“We have to ask the questions: How do we repair harm? How do we reduce recidivism? How do we give people another change in our community? That’s what this Community Restorative Court is all about,” says Dane County Supervisor Shelia Stubbs. “We’re looking at low-risk and low-level offenders ages 17-25. They’ve made mistakes. But we don’t think that mistakes that you’ve made when you are young should impact your future, your career, your whole life.”
Stubbs represents the district where the Community Restorative Court’s pilot program is located and she is very passionate about keeping young offenders out of the criminal justice system. She tells Madison365 that this program started two years ago as a pilot program for the city is really working.
“I think we’re officially out of the pilot stage. It has been going really well. It’s been going so well that we’ve been able to handle two major media cases that involved race,” says Stubbs of University of Wisconsin-Madison student Denzel McDonald, accused of spray painting political graffiti on campus property last spring, and Genele Laird, who was accused of threats and resisting arrest at East Towne Mall. “If we didn’t have community restorative courts as an asset in our community, I’m very uncertain where these two cases would have gone. I believe they would have probably gone through the traditional criminal justice system.”
Dane County’s community restorative courts are joining a national effort to improve the criminal justice system and they recently received a $50,000 donation from the John D. and Catherine T. MacArther Foundation that will provide an expansion to the county’s current program. Dane County is one of 20 counties and cities to receive grants to improve criminal justice reforms. Restorative justice is a community-based form of justice that seeks to repair the harm caused by crime.
“The Community Restorative Court is a great example of what can be accomplished when community partners work together,” says Dane County District Attorney Ismael Ozanne, in a statement.
The Community Restorative Court‘s mission is to “Repair Harm, Reduce Risk, and Rebuild the Community” using restorative justice principles to divert youth ages 17-25 from the traditional criminal justice system. One key outcome has been addressing racial disparities within the criminal justice system.
“We are very excited about this grant that will help us get the technical assistance that we need and it will open up other opportunities,” Stubbs says. “We are hoping to get even more money in the future and to be able to change the lives of more young people. We’re hoping to change pathways.”
Stubbs says that she thinks it’s important for the overall community to think about what has led to outrageous racial disparity and incarceration numbers in Dane County first highlighted by the Race to Equity report from a few years ago. “Those daunting disparities came because we were doing things traditionally and it was not working,” she says. “We needed to think about doing productive things and about alternatives and not being afraid to try something new. That’s what I’m really proud about. We weren’t afraid to try something new. The traditional system had made it worse … why not try something different?”

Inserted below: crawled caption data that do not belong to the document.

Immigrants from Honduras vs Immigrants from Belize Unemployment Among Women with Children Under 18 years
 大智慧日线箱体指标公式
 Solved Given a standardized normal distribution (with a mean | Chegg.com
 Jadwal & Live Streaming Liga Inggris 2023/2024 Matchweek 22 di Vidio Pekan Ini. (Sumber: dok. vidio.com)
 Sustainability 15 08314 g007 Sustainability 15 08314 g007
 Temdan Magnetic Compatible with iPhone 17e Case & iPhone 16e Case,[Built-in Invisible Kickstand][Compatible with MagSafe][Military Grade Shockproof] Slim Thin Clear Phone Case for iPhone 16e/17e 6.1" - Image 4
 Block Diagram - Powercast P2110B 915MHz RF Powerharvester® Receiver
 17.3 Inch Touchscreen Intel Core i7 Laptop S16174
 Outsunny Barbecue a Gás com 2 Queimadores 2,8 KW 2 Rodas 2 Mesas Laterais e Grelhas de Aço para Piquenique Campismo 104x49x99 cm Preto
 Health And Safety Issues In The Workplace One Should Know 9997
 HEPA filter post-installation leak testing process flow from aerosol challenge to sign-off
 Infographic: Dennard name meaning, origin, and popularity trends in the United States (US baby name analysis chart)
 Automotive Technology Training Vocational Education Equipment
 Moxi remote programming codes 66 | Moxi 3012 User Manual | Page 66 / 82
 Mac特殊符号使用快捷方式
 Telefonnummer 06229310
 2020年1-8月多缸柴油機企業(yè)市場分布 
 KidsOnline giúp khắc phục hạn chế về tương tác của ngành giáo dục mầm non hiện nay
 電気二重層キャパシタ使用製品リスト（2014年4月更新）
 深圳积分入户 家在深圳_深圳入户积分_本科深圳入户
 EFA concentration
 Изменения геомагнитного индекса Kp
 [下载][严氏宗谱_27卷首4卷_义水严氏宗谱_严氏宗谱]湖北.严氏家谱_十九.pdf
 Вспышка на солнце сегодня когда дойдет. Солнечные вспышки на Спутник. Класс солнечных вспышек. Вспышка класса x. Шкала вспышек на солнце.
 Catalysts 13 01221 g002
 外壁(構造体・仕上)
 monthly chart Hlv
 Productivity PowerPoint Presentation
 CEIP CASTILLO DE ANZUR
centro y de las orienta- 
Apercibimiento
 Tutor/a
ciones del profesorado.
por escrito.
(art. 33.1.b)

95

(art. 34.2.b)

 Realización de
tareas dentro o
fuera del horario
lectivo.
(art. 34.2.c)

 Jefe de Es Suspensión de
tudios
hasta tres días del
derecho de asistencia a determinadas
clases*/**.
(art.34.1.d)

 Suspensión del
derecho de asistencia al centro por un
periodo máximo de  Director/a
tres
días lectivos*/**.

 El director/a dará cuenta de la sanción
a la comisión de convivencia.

In 2017, Dane County’s funding for the Community Restorative Court went from $110,000 to $200,000. With the new MacArthur grant, it will now have $250,000 to work with.
The Community Restorative Court connects offenders with the victims of those crimes through trained volunteer “peacemakers,” who go through a 16-hour training on restorative justice and policing. It provides for them a way to accept responsibility and repair the harm they’ve done through community service or other means. Those who complete the program are not formally charged with a crime, and their names do not appear in court records. The Community Restorative Court prevents young people from being in the Court Automation Programs (CCAP).
“CCAP is so detrimental to a person. Once you’re in that system, it judges you from all kinds of components – when you go to get an apartment, when you go to get a job, etc. I’m happy that the Community Court eliminates the branding of people,” Stubbs says. “Once they successfully complete the course, they will not have a CCAP entry.”
The new grant funding will allow the program to expand throughout all of Dane County. Funding received will support the program in providing technical assistance in design and training and to implement local reforms.
“We have had all the players at the table to make this successful. The bottom line is that the community was saying that we have a problem in Madison, Wisconsin, so there wasn’t much pushback against this idea,” Stubbs says. “People maybe didn’t have a sense of how this would work, so I think that this was the hardest part of this process … learning the system and the technical support.”
Stubbs says that the court receives referrals from law enforcement and the district attorney’s office and that it reduces recidivism and builds communities using a restorative justice model. Participation in the program provides a young person who has committed a low-level offense the opportunity to work with community members to ensure accountability, determine restitution, and repair the harm done.
“The community has embraced this project and it can’t work without their support,” Stubbs says. “We are grateful for their support.”
Since it started, 63 people have successfully gone through the program.
“Our next step is hiring a full-time social worker for the Community Court in May,” Stubbs says. “Our goal is to keep increasing our staff and to expand throughout the County. We also have the Fitchburg Police Department on board with us … we’ve been meeting with them for 8 months. The Town of Madison is on board, Sun Prairie is being considered, Middleton, Stoughton, McFarland and eventually UW campus.
“I think this is huge when you are looking at law enforcement if we can expand over the entire county,” she adds.